• _EXERCISE REQUIREMENTS_: Reproduce exactly only the lines from the line that holds "Hilos perlé Valdani" to the line that holds "Vintage Norerest Fine", inclusive, in the listing below, and please leave out every picture.

• _SUPPLIED RECORDS_:
----------------------------------------
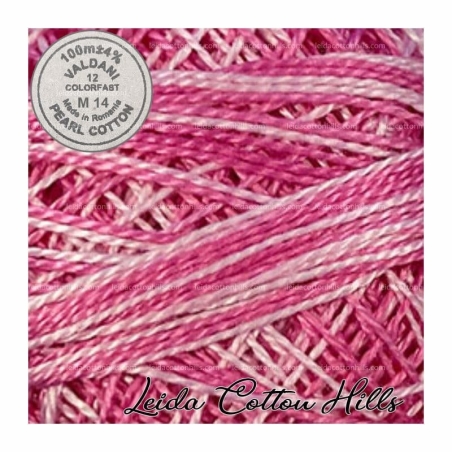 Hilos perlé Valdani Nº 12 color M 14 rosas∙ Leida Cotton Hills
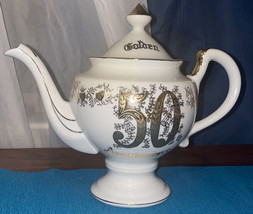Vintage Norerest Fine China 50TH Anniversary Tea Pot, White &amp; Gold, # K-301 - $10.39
----------------------------------------
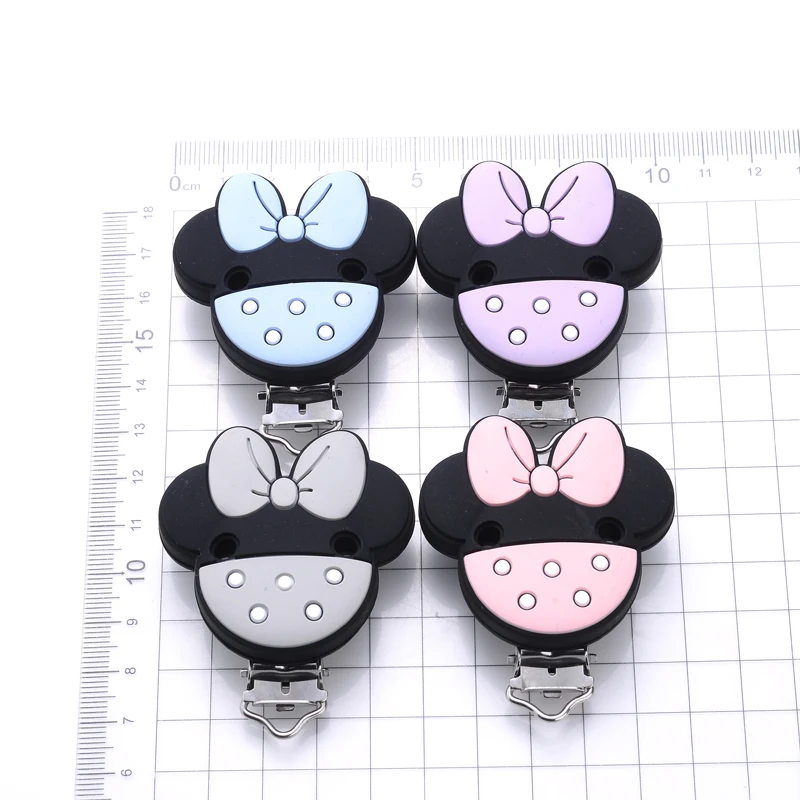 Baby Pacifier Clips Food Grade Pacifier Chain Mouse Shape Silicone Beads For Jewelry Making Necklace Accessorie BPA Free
----------------------------------------
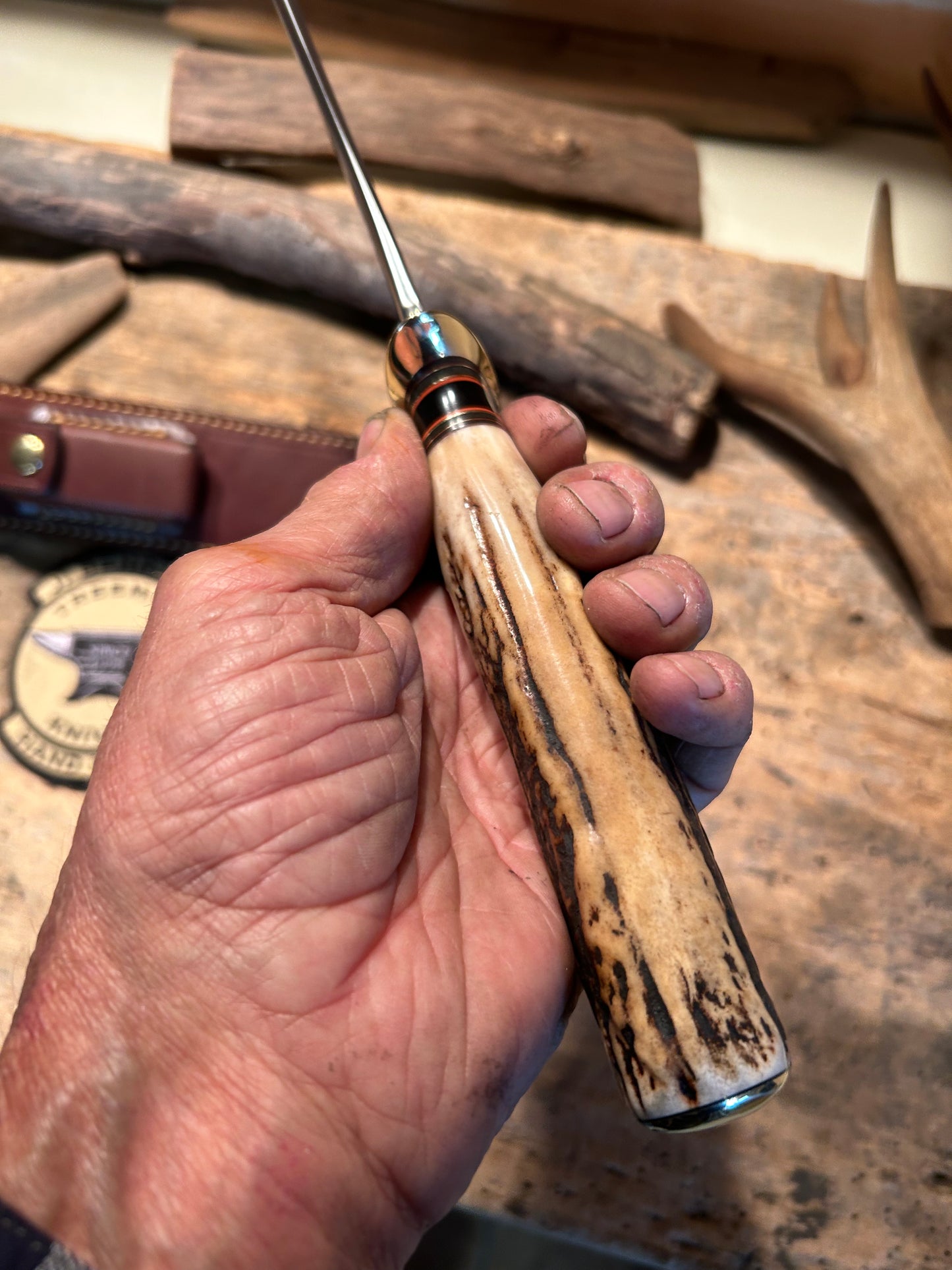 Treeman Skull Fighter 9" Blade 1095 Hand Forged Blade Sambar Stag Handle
----------------------------------------
• _RESULT BELOW_:
 Hilos perlé Valdani Nº 12 color M 14 rosas∙ Leida Cotton Hills
Vintage Norerest Fine China 50TH Anniversary Tea Pot, White &amp; Gold, # K-301 - $10.39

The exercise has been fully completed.